Directions = From the line containing "Dining nook with a round marble table" through the end of the material below, output each line exactly as written, with pictures excluded.

Input data =
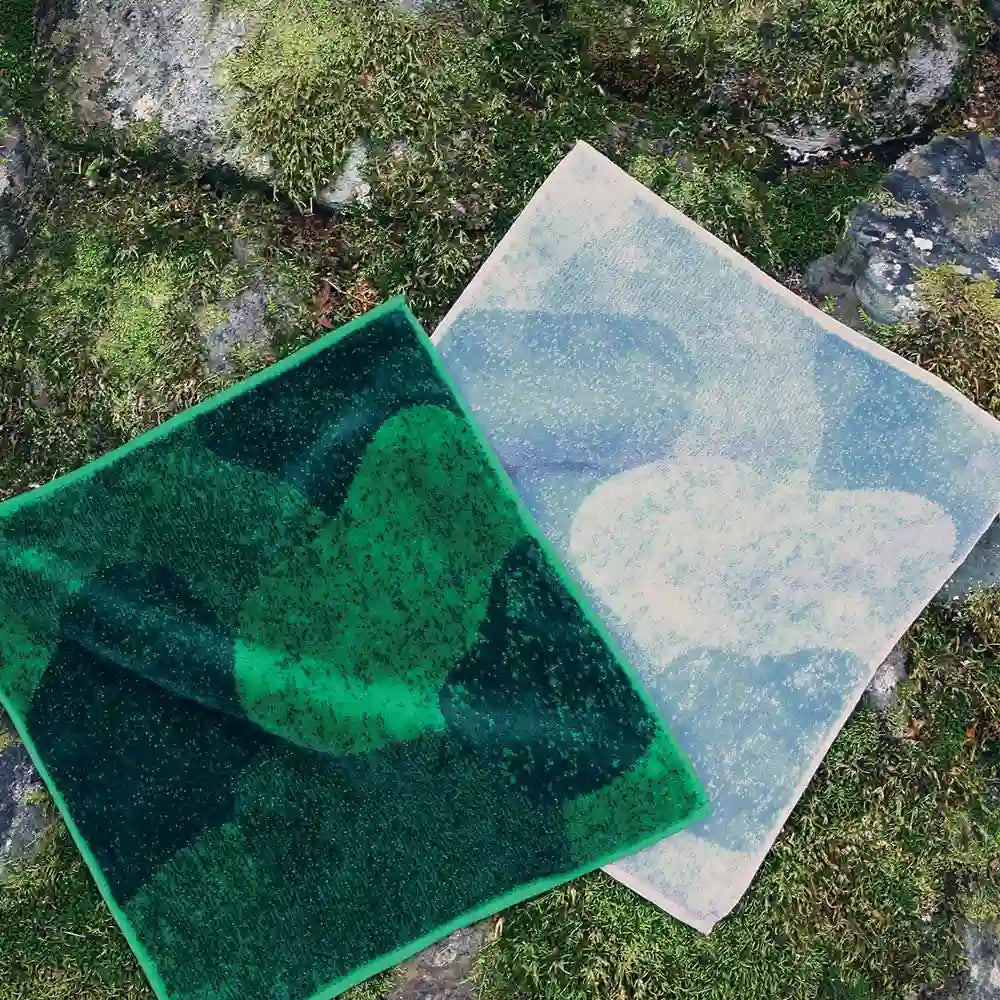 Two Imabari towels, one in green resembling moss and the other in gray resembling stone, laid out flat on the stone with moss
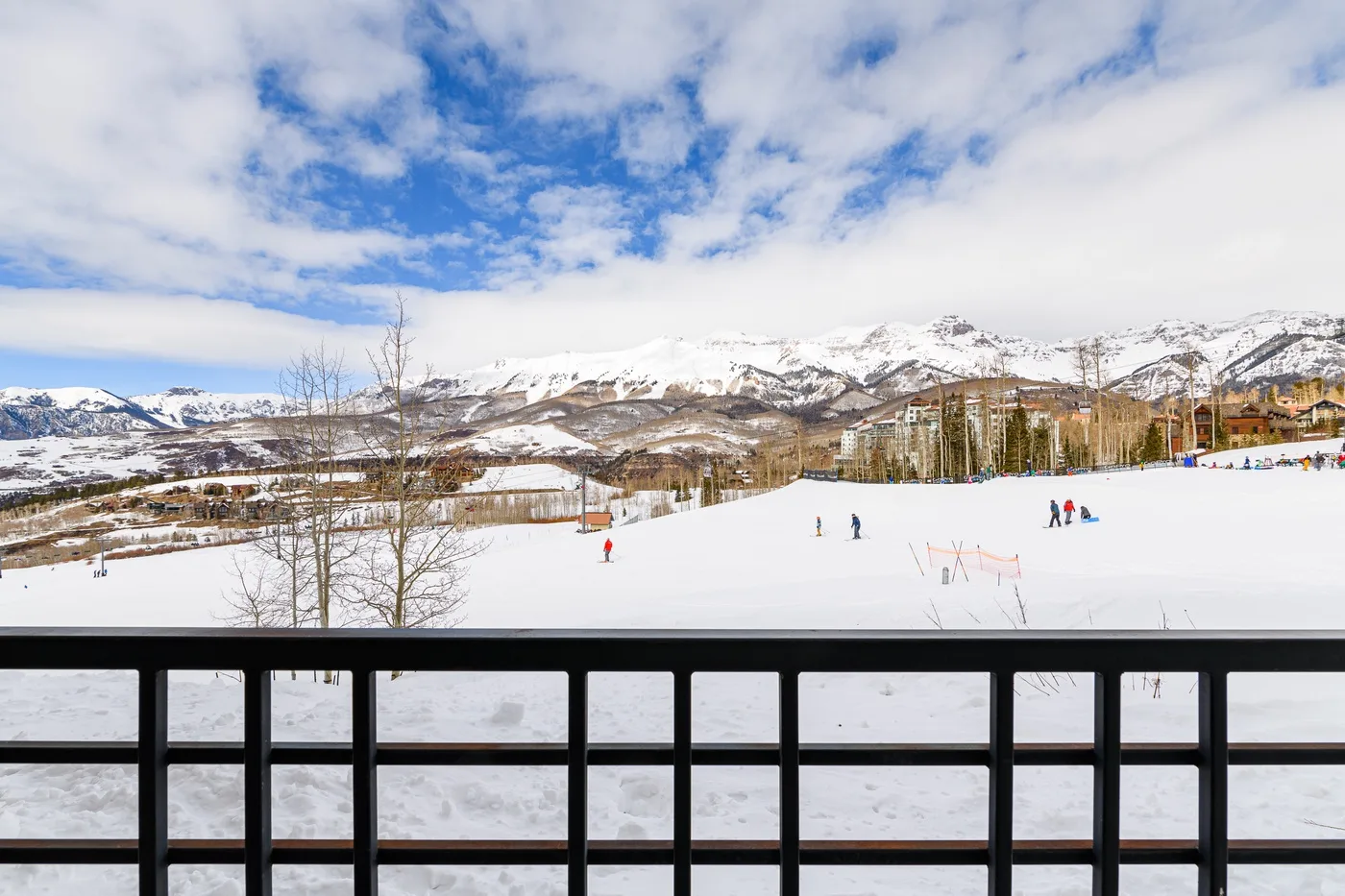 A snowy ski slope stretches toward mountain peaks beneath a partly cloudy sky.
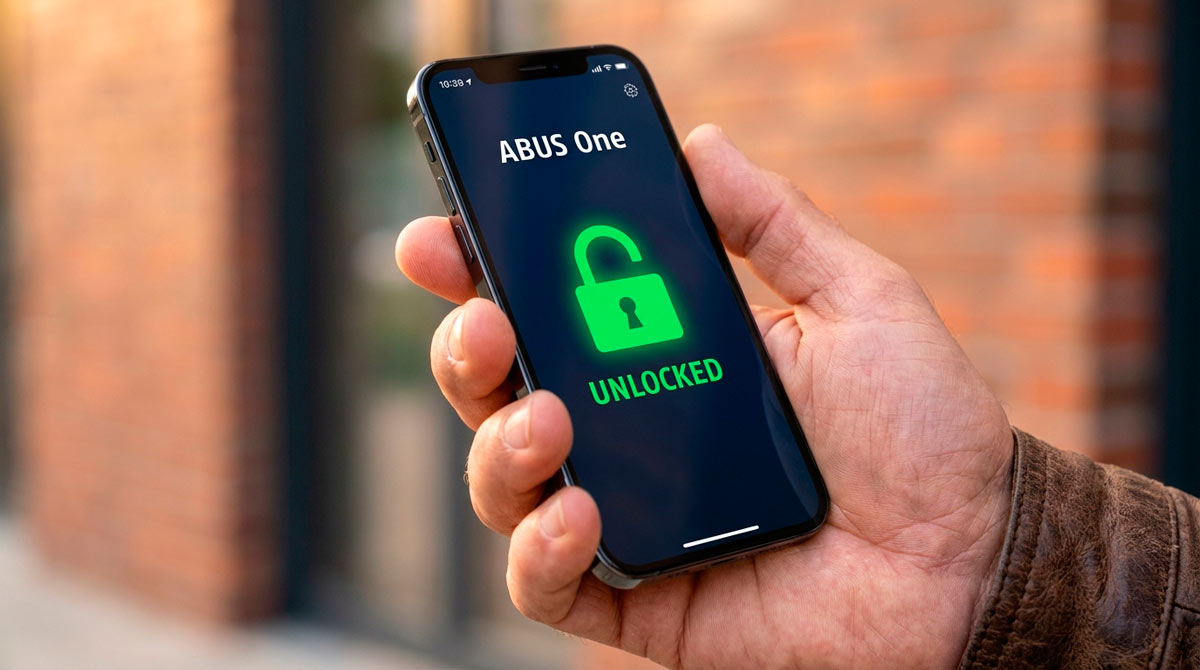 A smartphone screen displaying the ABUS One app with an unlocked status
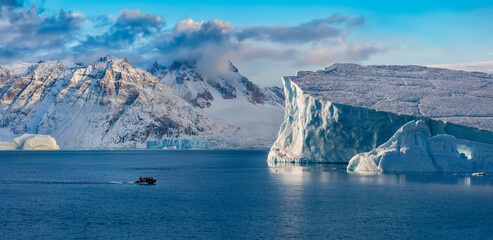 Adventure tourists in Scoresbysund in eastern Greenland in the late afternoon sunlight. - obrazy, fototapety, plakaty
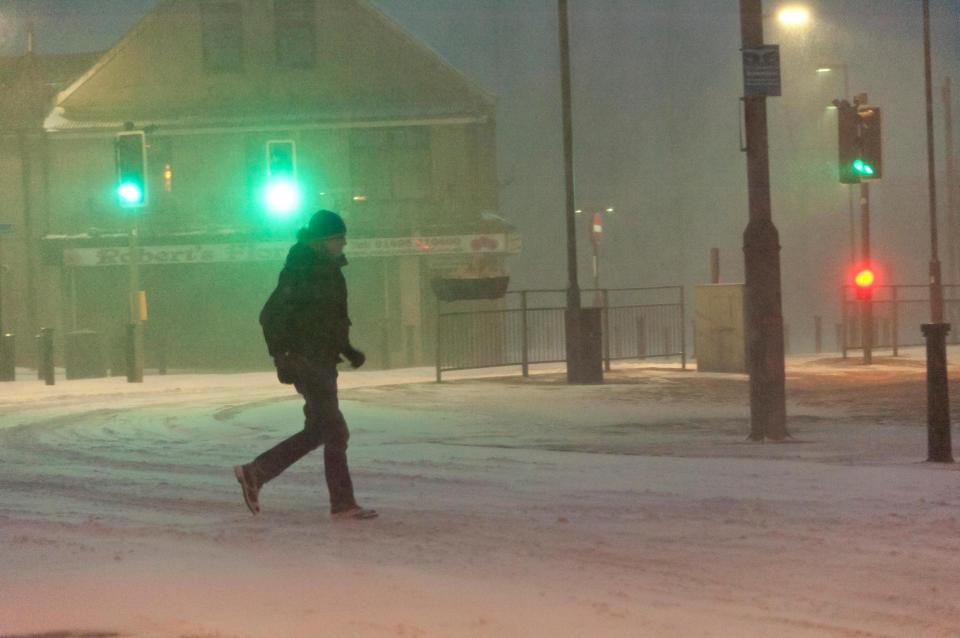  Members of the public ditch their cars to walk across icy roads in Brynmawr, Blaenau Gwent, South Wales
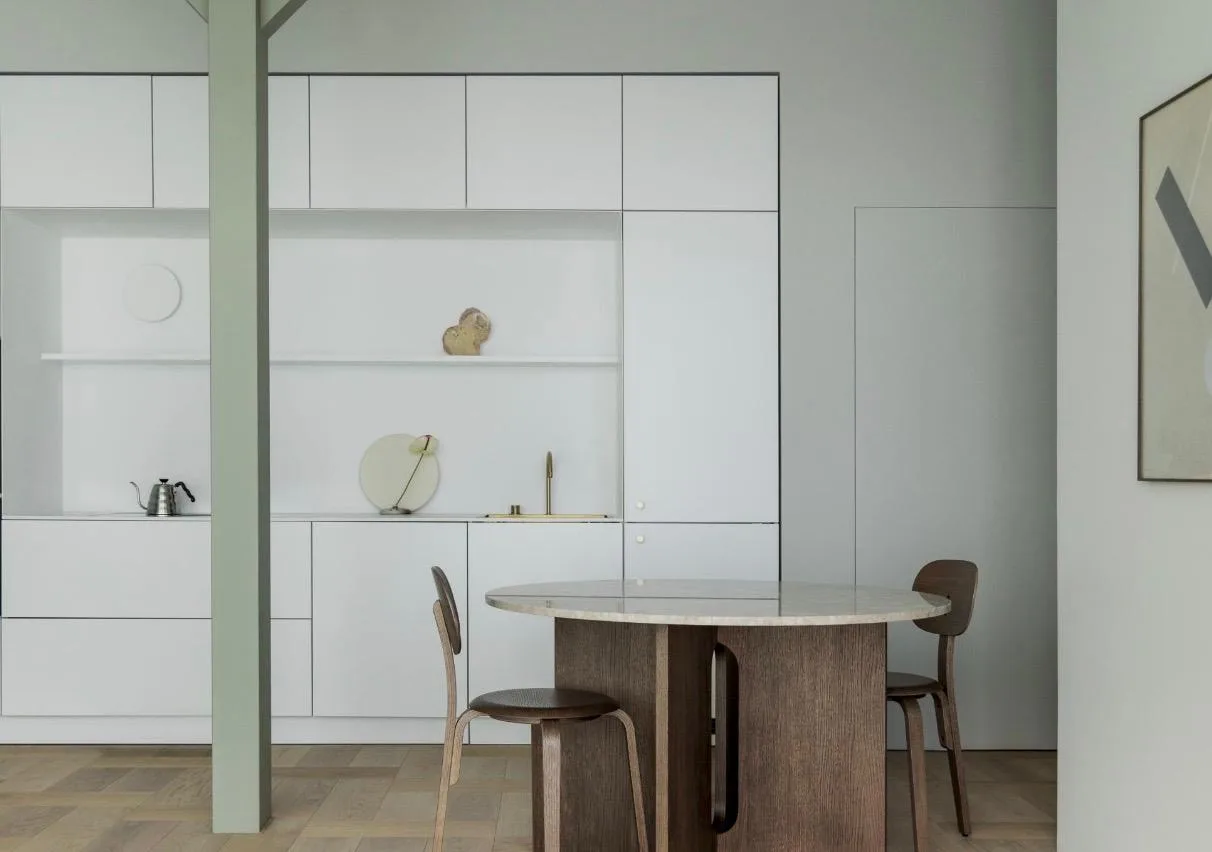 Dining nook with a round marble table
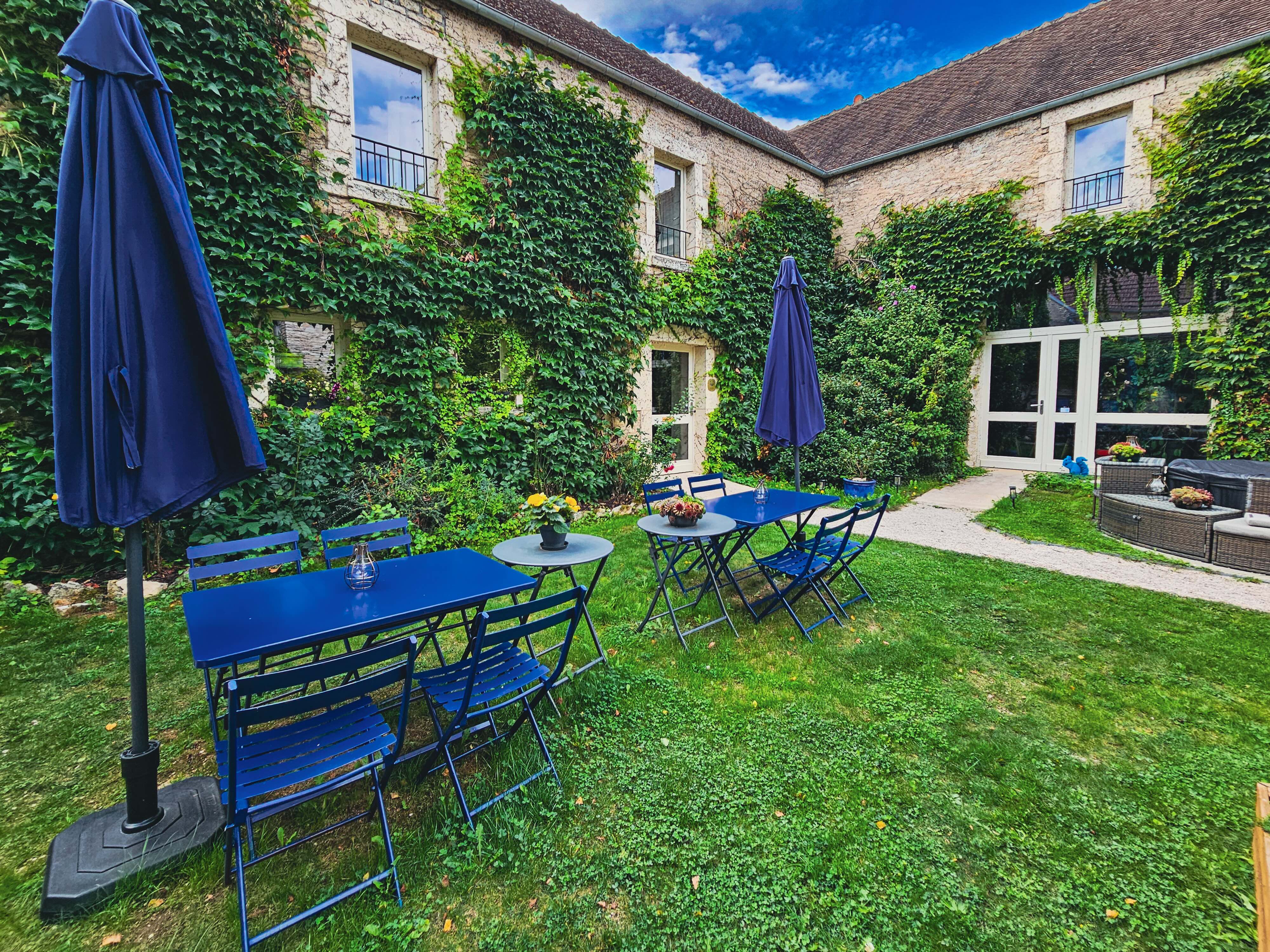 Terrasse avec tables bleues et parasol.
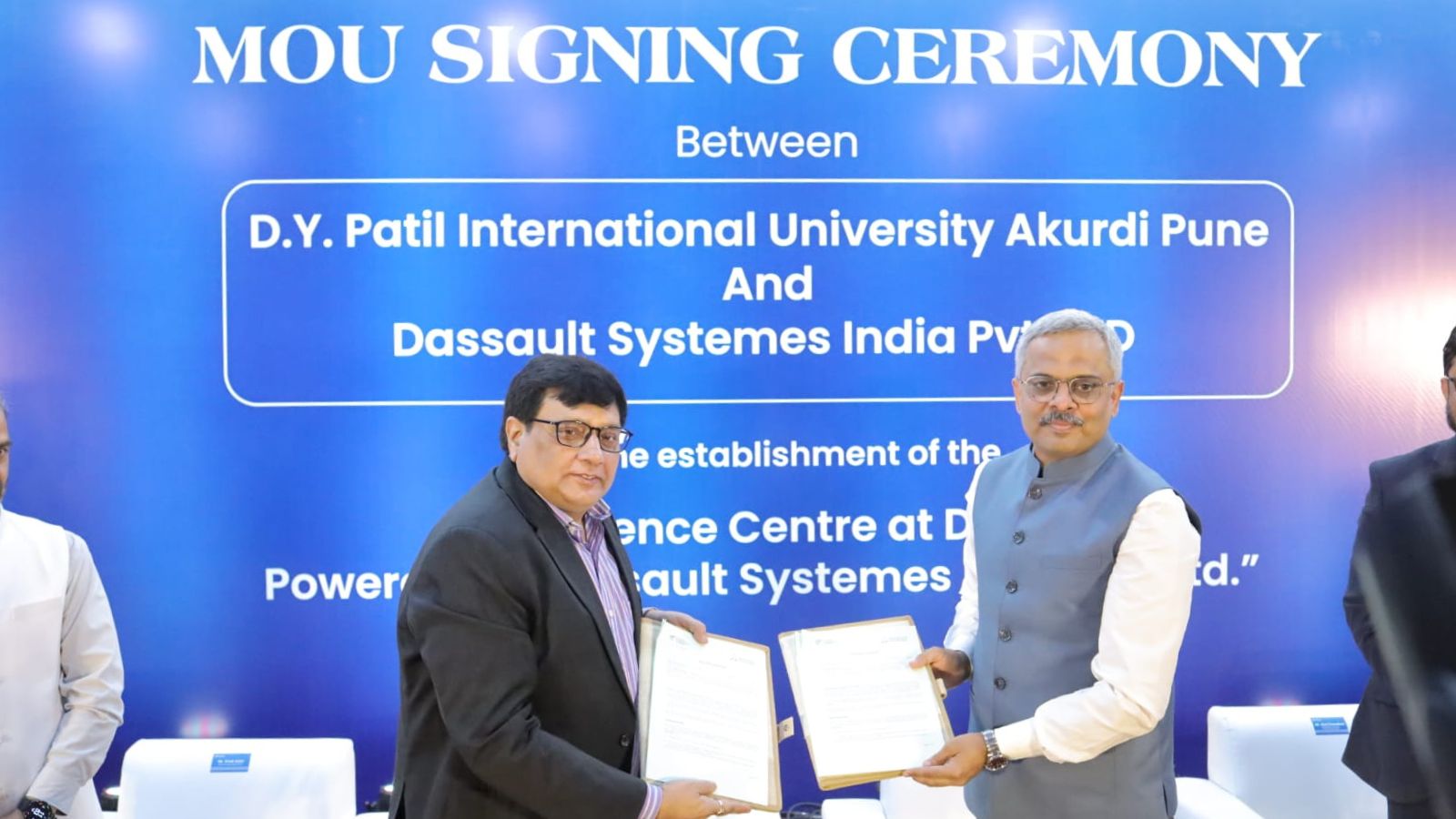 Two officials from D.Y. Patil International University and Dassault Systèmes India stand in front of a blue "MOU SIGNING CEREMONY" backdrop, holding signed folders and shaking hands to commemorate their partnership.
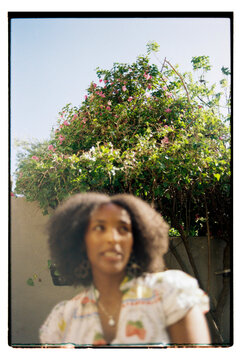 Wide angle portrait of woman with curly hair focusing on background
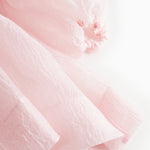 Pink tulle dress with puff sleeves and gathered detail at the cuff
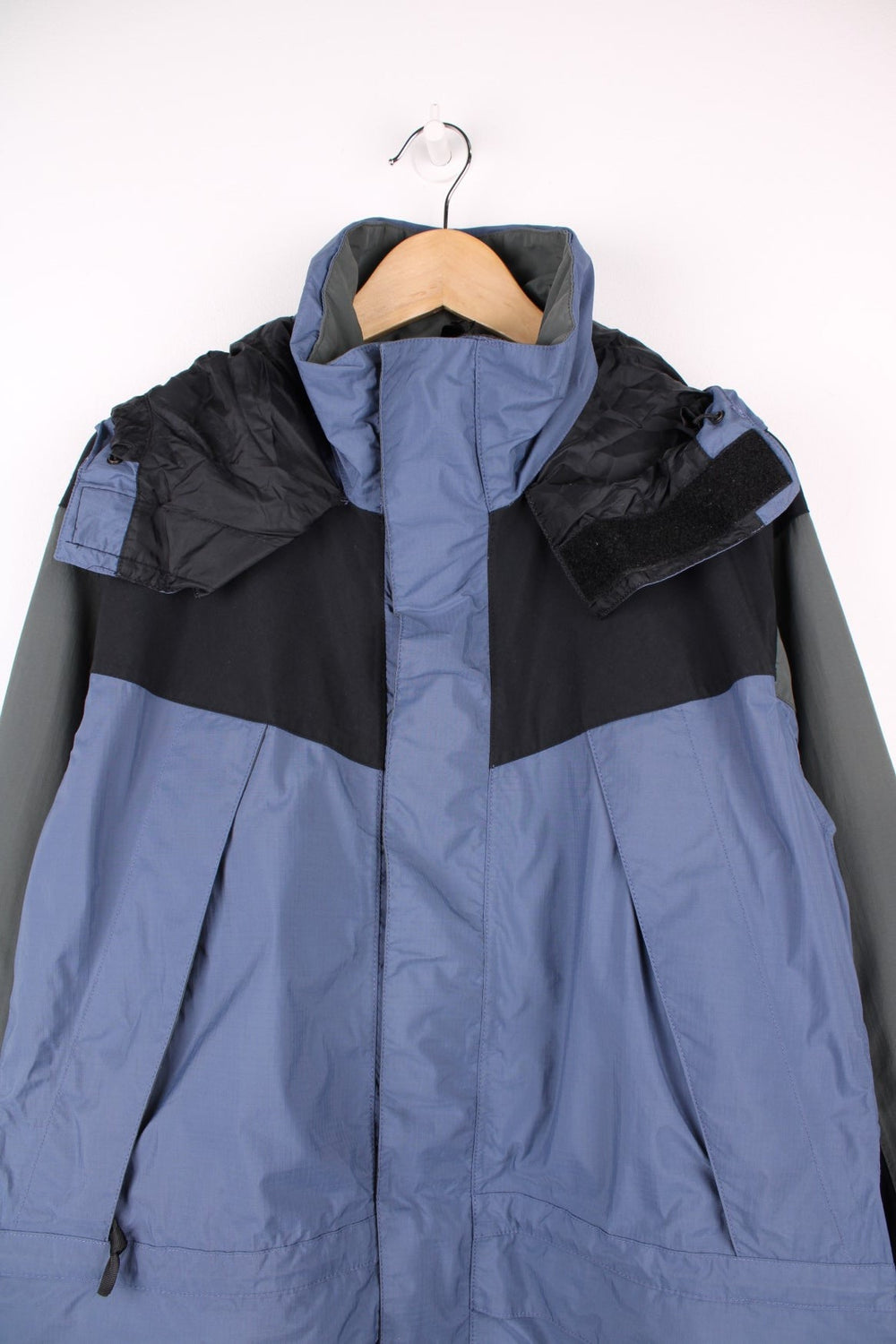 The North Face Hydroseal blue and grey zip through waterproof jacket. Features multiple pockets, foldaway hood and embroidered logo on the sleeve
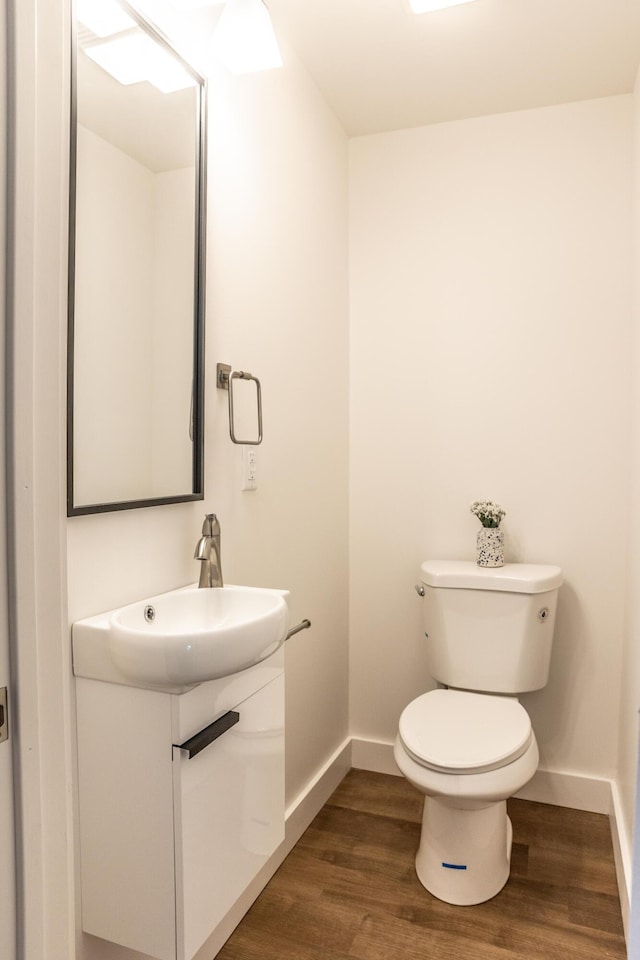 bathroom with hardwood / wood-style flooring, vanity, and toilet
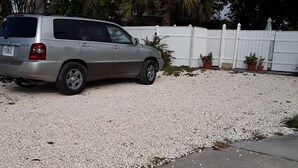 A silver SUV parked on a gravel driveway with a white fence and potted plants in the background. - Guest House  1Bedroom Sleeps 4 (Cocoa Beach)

Response =
 Dining nook with a round marble table
 Terrasse avec tables bleues et parasol.
 Two officials from D.Y. Patil International University and Dassault Systèmes India stand in front of a blue "MOU SIGNING CEREMONY" backdrop, holding signed folders and shaking hands to commemorate their partnership.
 Wide angle portrait of woman with curly hair focusing on background
 Pink tulle dress with puff sleeves and gathered detail at the cuff
 The North Face Hydroseal blue and grey zip through waterproof jacket. Features multiple pockets, foldaway hood and embroidered logo on the sleeve
 bathroom with hardwood / wood-style flooring, vanity, and toilet
 A silver SUV parked on a gravel driveway with a white fence and potted plants in the background. - Guest House  1Bedroom Sleeps 4 (Cocoa Beach)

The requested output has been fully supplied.